Nationalists have labelled President Tadic a "traitor"
Serbian President Boris Tadic has said Belgrade will fulfil its international obligations to arrest remaining war crime suspects wanted by a UN tribunal.
It was the first time Mr Tadic had spoke on the issue since the arrest and extradition last month of the former Bosnian Serb leader, Radovan Karadzic.
He vowed to track down Mr Karadzic's military commander, Ratko Mladic, and ex-Croatian Serb leader Goran Hadzic.
They are wanted for their alleged role in war crimes during the Bosnian war.
At a press conference, Mr Tadic said his country would co-operate fully with the UN war crimes tribunal in The Hague, and that there was no need for any "additional pressure".
"All those who have the idea to put additional pressure on Serbia are knocking on open doors, because not only has Serbia shown its will and determination but it also has made concrete steps related to this co-operation," he told reporters.
Eleven counts of genocide, war crimes, crimes against humanity and other atrocities
Charged over shelling Sarajevo during the city's siege, in which some 12,000 civilians died
Allegedly organised the massacre of up to 8,000 Bosniak men and youths in Srebrenica
Targeted Bosniak and Croat political leaders, intellectuals and professionals
Unlawfully deported and transferred civilians because of national or religious identity
Destroyed homes, businesses and sacred sites
The arrest of Mr Karadzic, 63, and other indicted war criminals is one of the main conditions of Serbian progress towards joining the European Union.
Mr Tadic said: "Today nobody can tell Serbia it is avoiding international justice and it does not respect international law."
He praised Serbia's security forces for "doing their job". His comments come despite death threats by nationalists, who have denounced Mr Tadic as "a traitor".
Radovan Karadzic was arrested in Belgrade on 21 July after more than a decade on the run, and was extradited to the International Criminal Tribunal for the former Yugoslavia (ICTY).
He faces 11 counts of war crimes including genocide for his alleged role during the Bosnian conflict of the early 1990s.

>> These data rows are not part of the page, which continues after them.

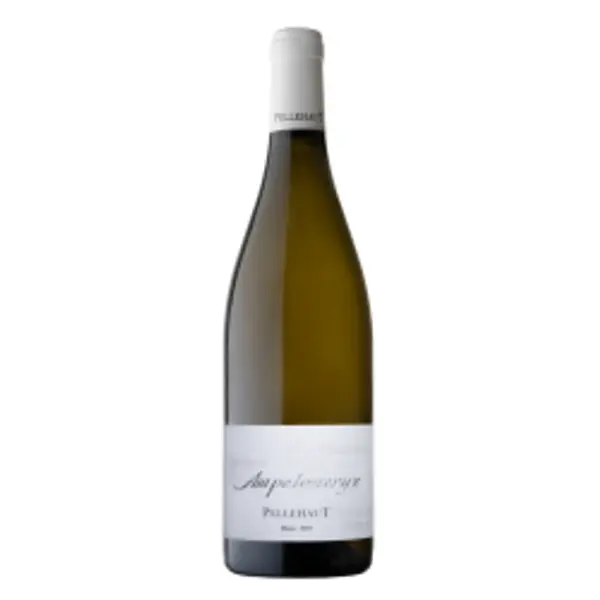 Ampélomeryx Blanc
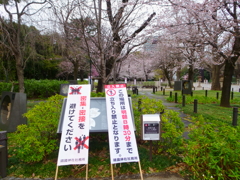 靖国_桜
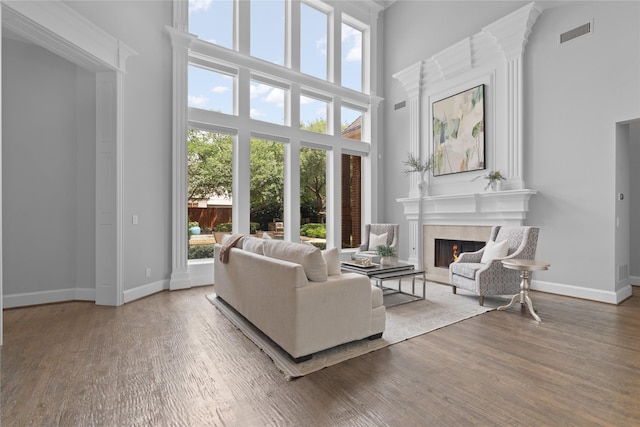 5916 Orchard Park Dr, Frisco, TX 75034 - living area featuring plenty of natural light, a high ceiling, a premium fireplace, and wood finished floors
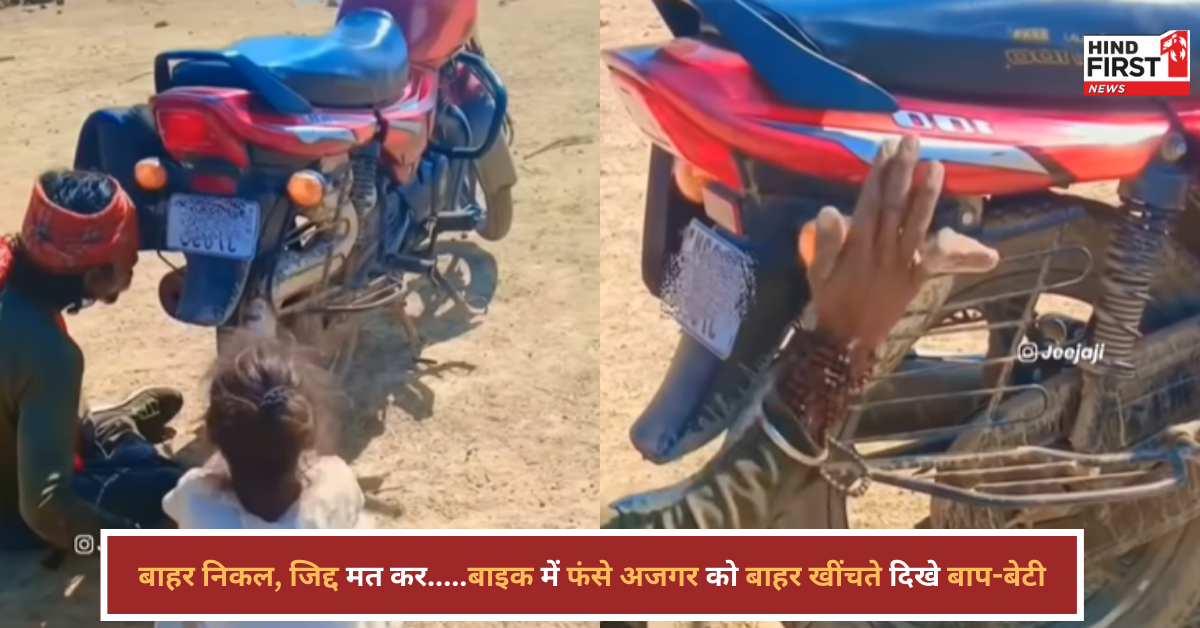 पिता-बेटी की जोड़ी ने दिखाई गजब की हिम्मत, बाइक के टायर में फंसे विशालकाय सांप को खींचा! पिता-बेटी की जोड़ी ने दिखाई गजब की हिम्मत, बाइक के टायर में फंसे विशालकाय सांप को खींचा!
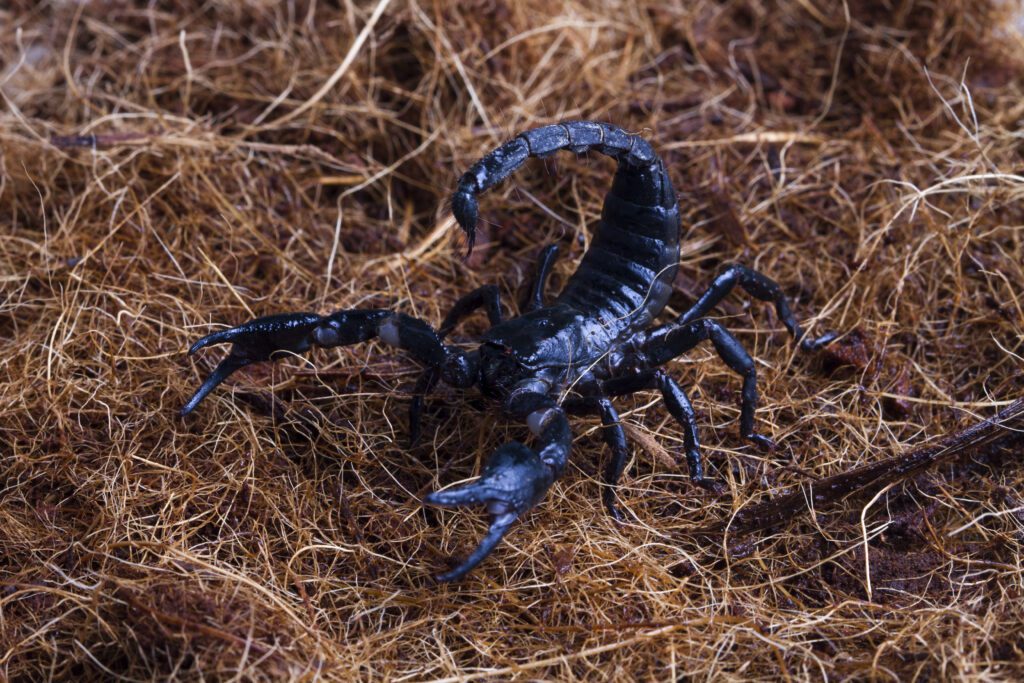 Read more about the article Snakebite & Scorpion Sting:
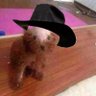 LouisM1994's profile picture. Scouser, writer, researching the social history of Art and the Paris Commune ☭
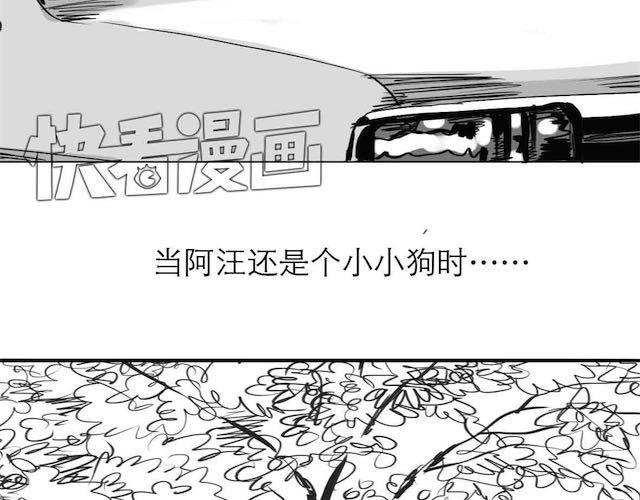 《毛绒绒》第57话 那是很早以前的事了 第3页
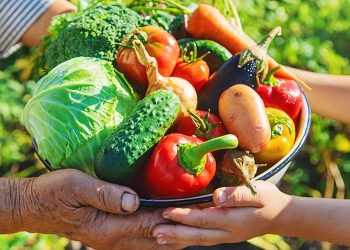 Día Mundial de la Alimentación: instituciones se unen en una Jornada Saludable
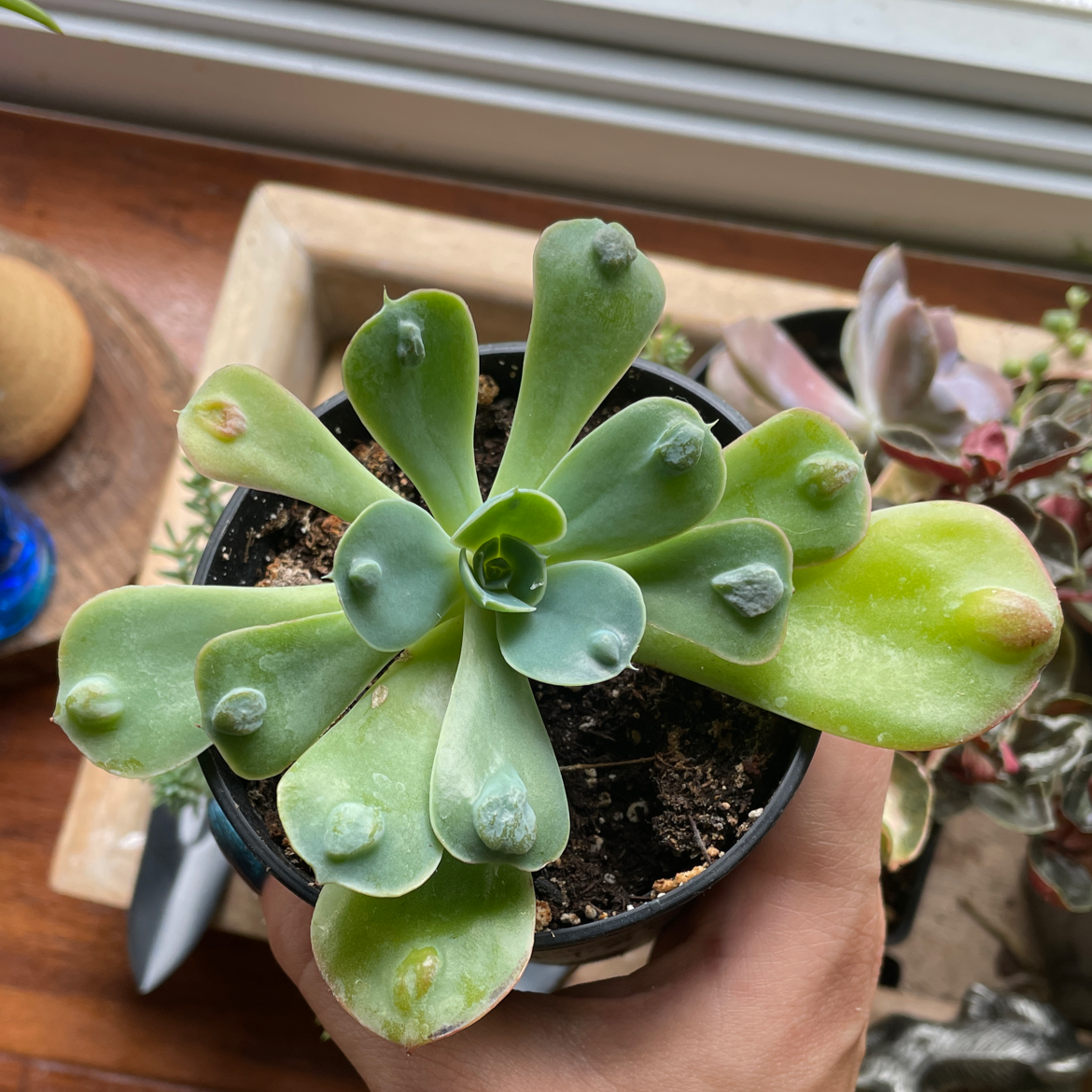 Raindrops Echeveria plant in a pot with some yellowing leaves, held by a hand.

The UN says Mr Karadzic's forces killed up to 8,000 Bosniak men and boys from Srebrenica in July 1995 as part of a campaign to "terrorise and demoralise the Bosnian Muslim and Bosnian Croat population".
He has also been charged over the shelling of Sarajevo, and the use of 284 UN peacekeepers as human shields in May and June 1995.
Mr Karadzic has denied the charges against him and refused to recognise the legitimacy of the UN tribunal.
Serbian officials said details of Mr Karadzic's capture were being withheld, as the authorities were planning to use "operational data" to track the two main war crimes suspects still at large, Gen Mladic and Goran Hadzic.